Reranking

📖 5 min readUpdated 2026-04-18

Reranking takes a retrieved candidate set and reorders it with a more accurate (but slower) model. It's the single most impactful addition you can make to a naive RAG system. Skipping it is the most common reason production RAG systems underperform their potential.

Why reranking exists

Initial retrieval (dense or hybrid) uses independent embeddings, one for the query, one for each document. The similarity score is a good approximation but not a deep match. A cross-encoder reranker considers query and document together, producing a much more accurate relevance score, at much higher cost per pair.

The pattern: retrieve cheaply, rerank precisely.

The flow

1. Initial retrieval returns top-50 or top-100 candidates
2. Reranker scores each (query, candidate) pair
3. Re-sort by reranker score
4. Take top-5 or top-10 to send to generator

You retrieve wide (to catch the right answer somewhere in the set), then narrow precisely (so the generator sees clean context).

Bi-encoders vs cross-encoders

Bi-encoder (initial retrieval)

Embed query and documents separately. Compare via cosine similarity. Fast at retrieval time because document embeddings are precomputed.

Cross-encoder (reranker)

Concatenate query + document, pass through a transformer, output a score. Much more accurate because the model can attend jointly to both. Cannot be precomputed, score must be computed at query time for each candidate.

Reranker options

Open-source cross-encoders

cross-encoder/ms-marco-MiniLM-L-6-v2: fast, decent quality. Good baseline.
cross-encoder/ms-marco-electra-base: higher quality, more compute.
BGE reranker (bge-reranker-large, bge-reranker-v2-m3): strong open-source rerankers.
Jina reranker: competitive, available as API or open weights.

Commercial rerankers

Cohere Rerank 3: widely used, strong quality. API-only.
Voyage Rerank 2: comparable to Cohere.
Mixedbread mxbai-rerank: commercial or self-hosted.

LLM-as-reranker

Pass the top-20 candidates to a small LLM with a prompt to re-rank. Highest quality in some cases, but slower and more expensive per query. Worth trying when nothing else works.

Latency

ms-marco-MiniLM on top-50: 30-100ms on GPU
bge-reranker-large on top-50: 100-300ms on GPU
Cohere Rerank 3 API on top-50: 100-400ms (network + inference)
LLM-based rerank on top-20: 500-2000ms

For real-time RAG, choose the reranker that fits your latency budget. For batch or high-stakes queries, prefer higher quality.

The quality gain

On standard benchmarks, adding a reranker typically improves top-10 relevance by 15-30%. In domain-specific applications, gains can be higher.
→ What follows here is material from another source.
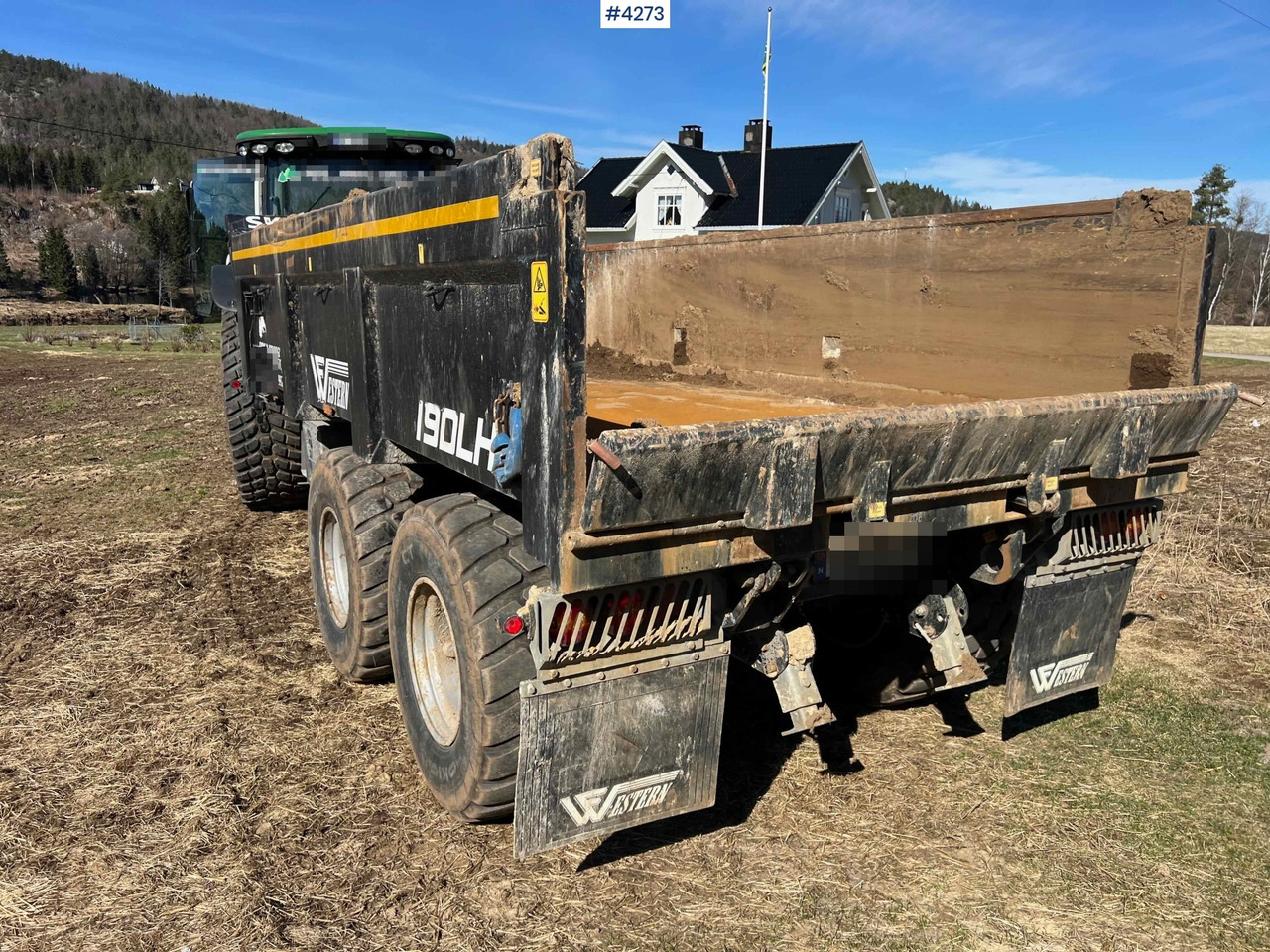Сельскохозяйственный прицеп-самосвал 2020 Richard Western wf19DLH 2 axle dump trailer for tractor: фото 6 Сельскохозяйственный прицеп-самосвал 2020 Richard Western wf19DLH 2 axle dump trailer for tractor: фото 6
On a real RAG system, the user-visible effect is usually: fewer irrelevant chunks in the context, so the generator has cleaner input and produces fewer hallucinations or off-topic answers.

How many candidates to rerank

Tradeoffs:

Top-20 rerank: fast, catches most of the gain
Top-50 rerank: typical sweet spot
Top-100 rerank: higher recall, more cost
Top-200+: diminishing returns; your initial retrieval is broken if the right answer is at rank 150

Multi-stage reranking

For very large initial candidate sets, chain rerankers of increasing precision:

Retrieve top-500 with fast sparse+dense hybrid
Rerank with fast cross-encoder (MiniLM) → top-50
Rerank with high-quality cross-encoder (bge-reranker-large or Cohere) → top-10
Pass to generator

Each stage is cheap in aggregate because the candidate set shrinks rapidly. Used at Google-scale search for decades.
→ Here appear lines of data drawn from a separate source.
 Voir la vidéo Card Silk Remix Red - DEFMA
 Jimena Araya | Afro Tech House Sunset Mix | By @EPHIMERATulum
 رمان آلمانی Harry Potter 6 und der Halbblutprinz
Reranking with additional signal

Rerankers can take more than just text similarity into account:

Recency: boost documents published recently
Authority: boost canonical sources over derived
User history: boost documents the user has previously found useful
Metadata match: boost documents matching inferred query intent

Typical approach: combine the reranker score with metadata-derived boosts in a weighted sum. This is where reranking starts looking like a classical learning-to-rank system.
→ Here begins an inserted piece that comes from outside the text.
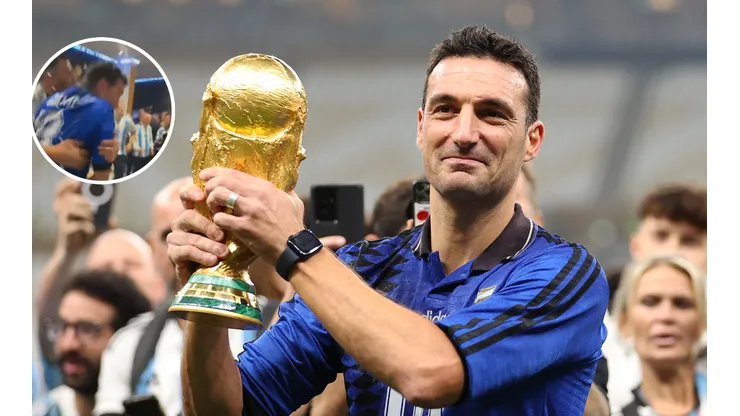 "Firmá el contrato": el pedido de los jugadores a Scaloni tras la consagración
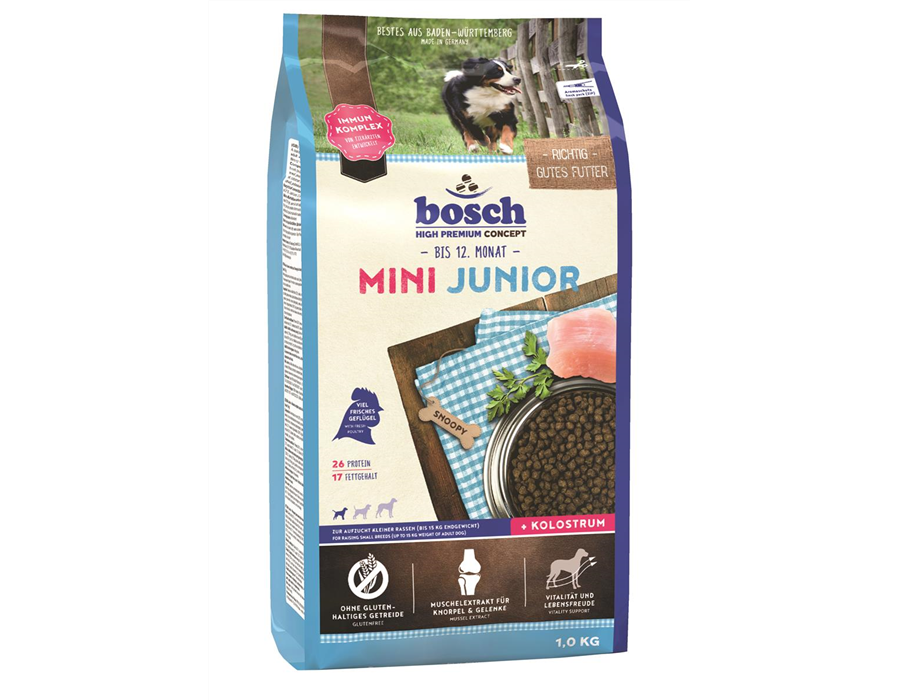 Bosch Dog Mini Junior 1 kg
When reranking doesn't help

Rare but real cases:

Initial retrieval is so bad that the right answer isn't in top-100 (reranker can't save you)
Corpus is small enough that top-5 retrieval is already near-optimal
Query-document relevance is purely metadata-based (then prefer classical LTR over embedding-based rerank)

My default setup

For production RAG:

Hybrid retrieval (dense + BM25) → top-50
RRF fusion of the two result sets
Cross-encoder rerank (bge-reranker or Cohere) → top-10
Pass top-10 to generator

This stack handles the 80% case well. It's also what I'd A/B test against any naive "just vector search" baseline.

What to do with this

Default: hybrid retrieve top-50 + cross-encoder rerank to top-10.
Match reranker to latency budget. Not every query needs an LLM reranker.
Chain rerankers (fast→slow) when candidate sets are huge.